● **What is needed**
Reproduce the listing below word for word, with no pictures.
————
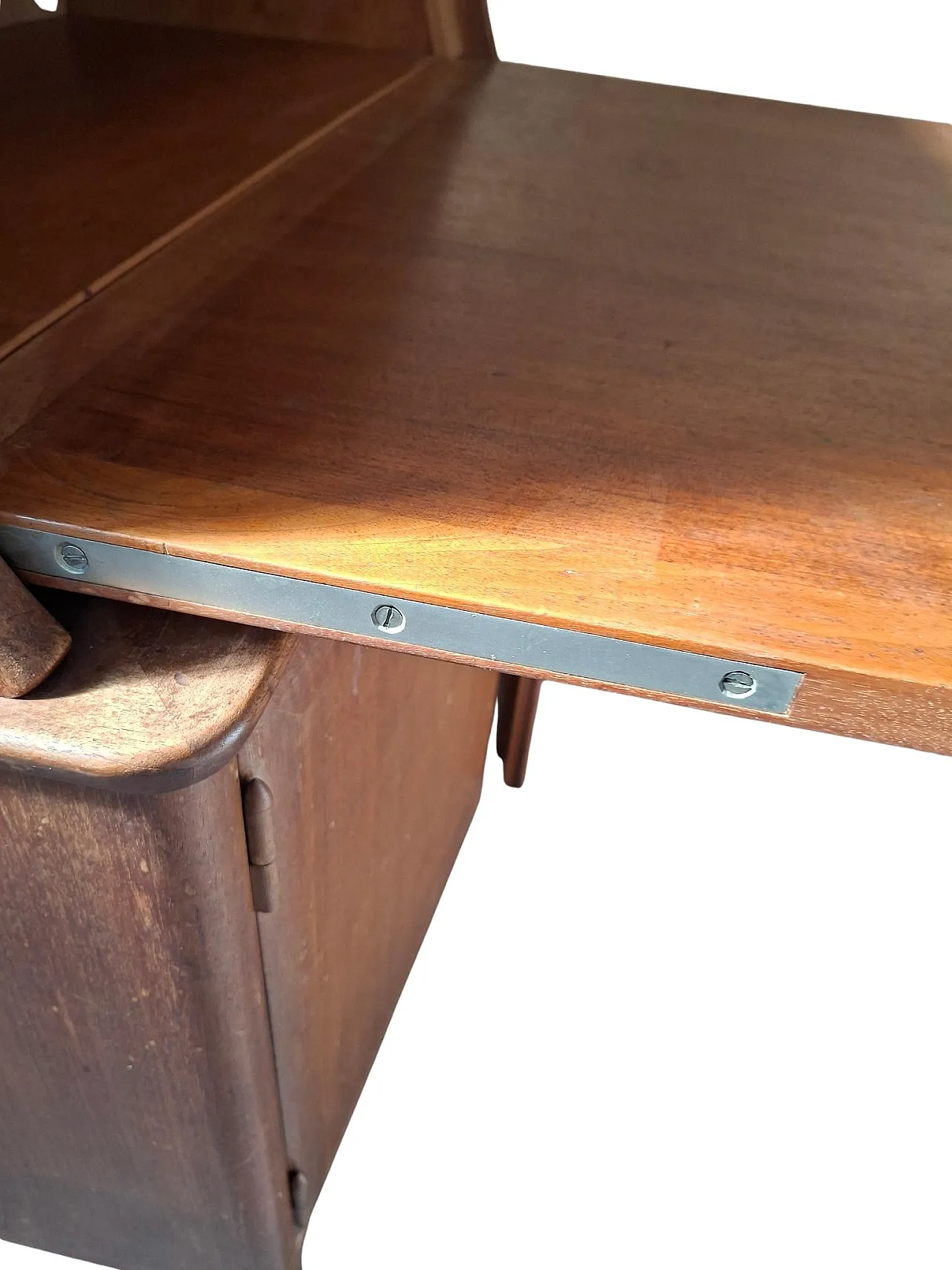 Wooden drop-leaf writing desk secretaire, 1960s 17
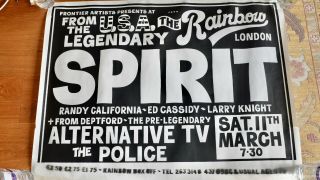 The Police March 1978 Rainbow Poster Psych Spirit Punk Memorabilia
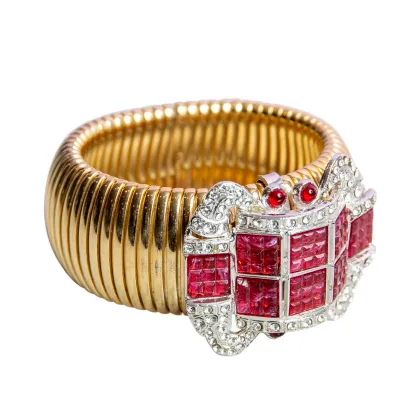 Zdjęcie Carlo Zini Bransoletka ze złotej siatki z centralnym motywem w czerwonych kryształkach i kamyczkach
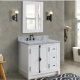 Bellaterra 400100-37L-GA 37" Single Vanity In Glacier Ash Finish Left Doors/Left Sink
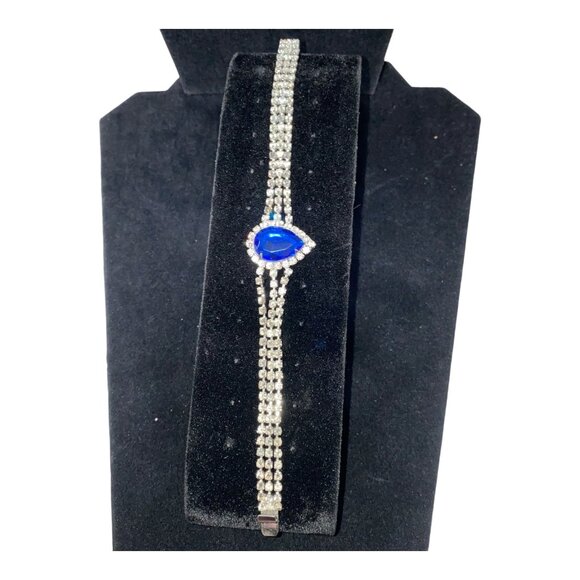 7 Inches Bracelet Blue Pear-Shaped Stone Rhinestone Silver-Toned - Picture 1 of 9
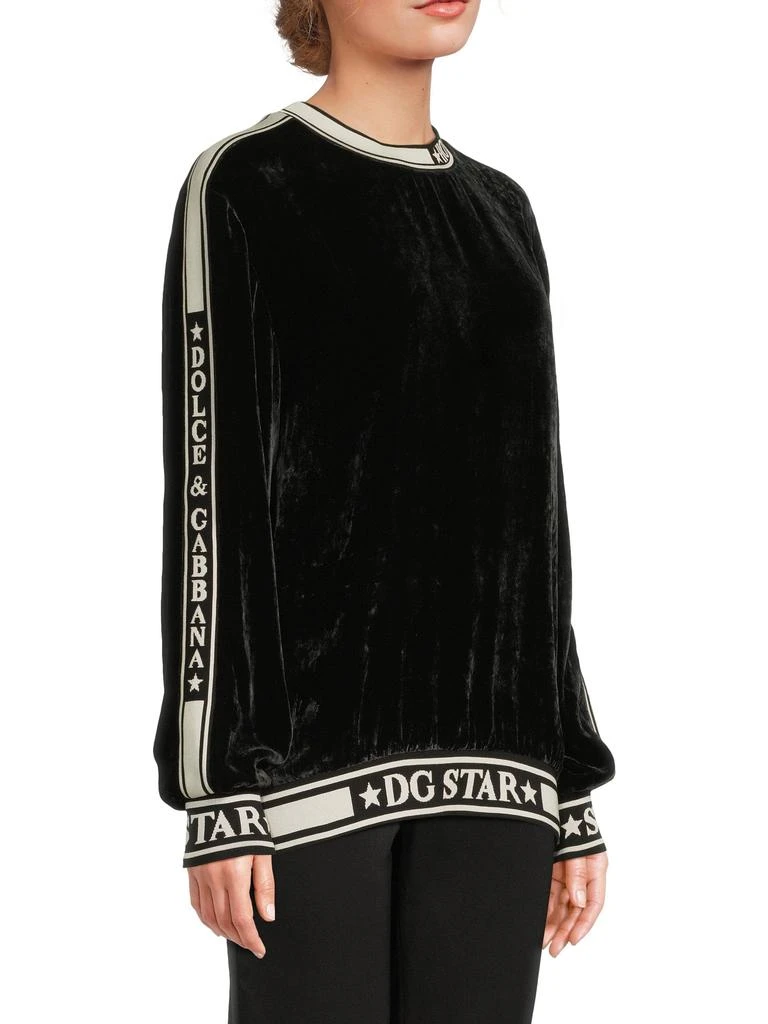 Dolce 
Gabbana Logo Velvet Sweatshirt 2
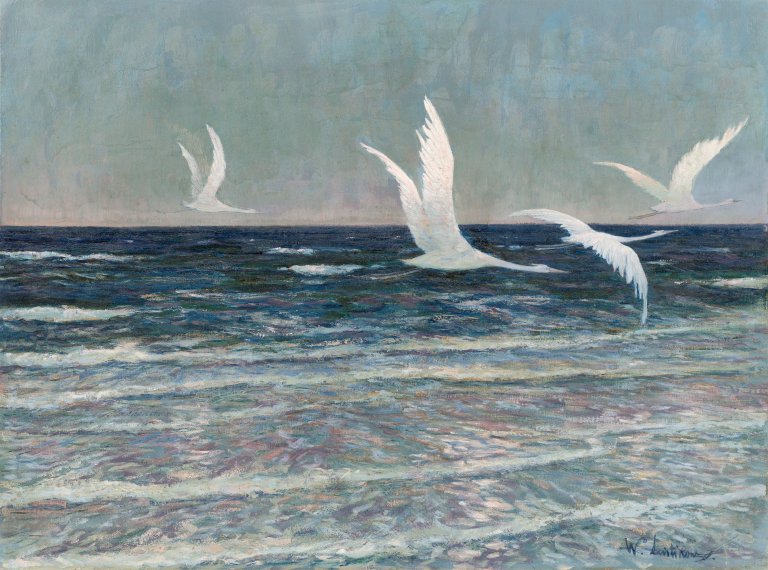 Auf diesem Bild ist das folgende Kunstwerk zu sehen: Walter Leistikow. „Abendklänge“.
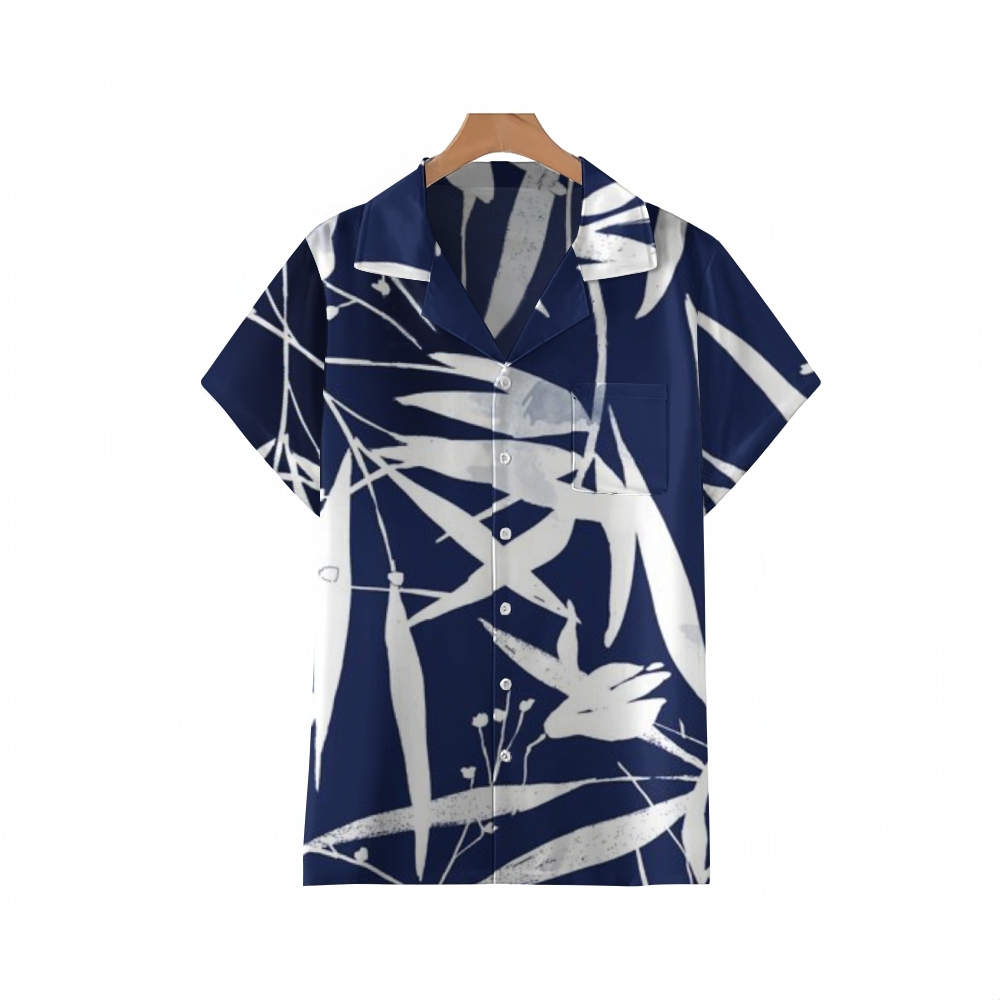 Botanical Indigo Cuban Collar Shirt for Men | Vintage-Inspired Plant P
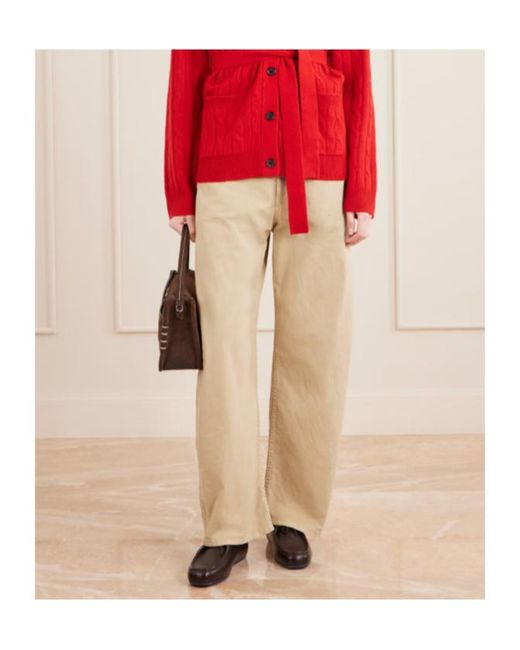 Nili Lotan Natural Tribeca Twill Barrel-Leg Pants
————
● **Exercise solution**
 Wooden drop-leaf writing desk secretaire, 1960s 17
 The Police March 1978 Rainbow Poster Psych Spirit Punk Memorabilia
 Zdjęcie Carlo Zini Bransoletka ze złotej siatki z centralnym motywem w czerwonych kryształkach i kamyczkach
 Bellaterra 400100-37L-GA 37" Single Vanity In Glacier Ash Finish Left Doors/Left Sink
 7 Inches Bracelet Blue Pear-Shaped Stone Rhinestone Silver-Toned - Picture 1 of 9
 Dolce 
Gabbana Logo Velvet Sweatshirt 2
 Auf diesem Bild ist das folgende Kunstwerk zu sehen: Walter Leistikow. „Abendklänge“.
 Botanical Indigo Cuban Collar Shirt for Men | Vintage-Inspired Plant P
 Nili Lotan Natural Tribeca Twill Barrel-Leg Pants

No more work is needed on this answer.